HOA Solar Access Laws (28 States)
28 states have statutes that prevent HOAs from banning rooftop solar outright. In these states, HOAs can still regulate aesthetics (color, placement, screening) but cannot prohibit solar or impose restrictions that significantly reduce system efficiency or increase cost.
States With HOA Solar Access Protection
Arizona, California, Colorado, Connecticut, Delaware, Florida, Hawaii, Illinois, Louisiana, Maine, Maryland, Massachusetts, Minnesota, Missouri, Nevada, New Jersey, New Mexico, New York, North Carolina, Oregon, Rhode Island, Texas, Vermont, Virginia, Washington, Wisconsin, plus a few others with narrower protections.
Example statutes: CA Civil Code 714, AZ ARS 33-1816, FL FS 163.04, TX Prop Code 202.010, CO CRS 38-30-168.
States Without HOA Solar Protection
Alabama, Alaska, Arkansas, Georgia, Idaho, Indiana, Iowa, Kansas, Kentucky, Michigan, Mississippi, Montana, Nebraska, New Hampshire, North Dakota, Ohio, Oklahoma, Pennsylvania, South Carolina, South Dakota, Tennessee, Utah, West Virginia, Wyoming.

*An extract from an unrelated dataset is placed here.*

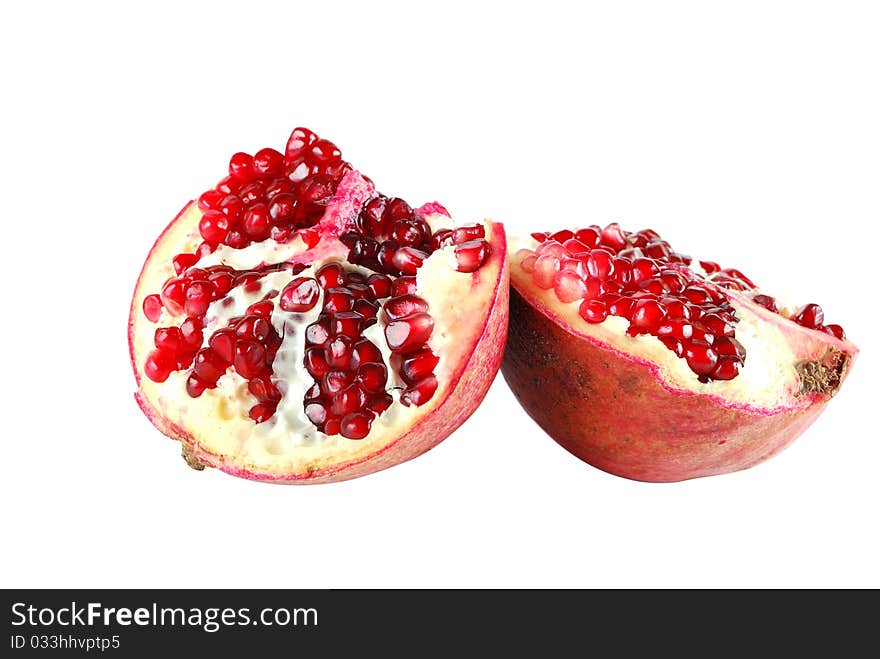 Half of pomegranate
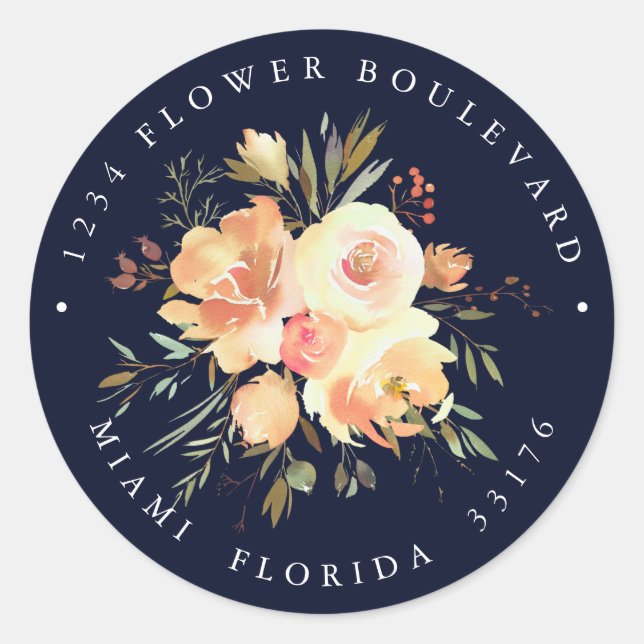 Dream Peach Navy Hochzeit Botanische Rücksendeadre Runder Aufkleber (Vorderseite)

In these states, HOAs can ban rooftop solar entirely if their CC&Rs allow it. Always check HOA documents before signing a solar contract.
Typical Solar Permit Costs
$0–$100
SolarAPP+ jurisdictions
(fast-track)
$200–$500
Standard rooftop
(building + elec)
$400–$800
Rooftop + battery
$600–$1,500
Ground-mount or
CA/NY/NJ
How to Get a Solar Permit
Choose a licensed solar contractor
Most jurisdictions require a licensed C-46/C-10 solar contractor (or equivalent) to pull solar permits. DIY is permitted in very few places. The contractor handles the entire permit package.
Site assessment and system design
Contractor surveys your roof, runs shading analysis, sizes the system based on usage, and creates structural and electrical drawings.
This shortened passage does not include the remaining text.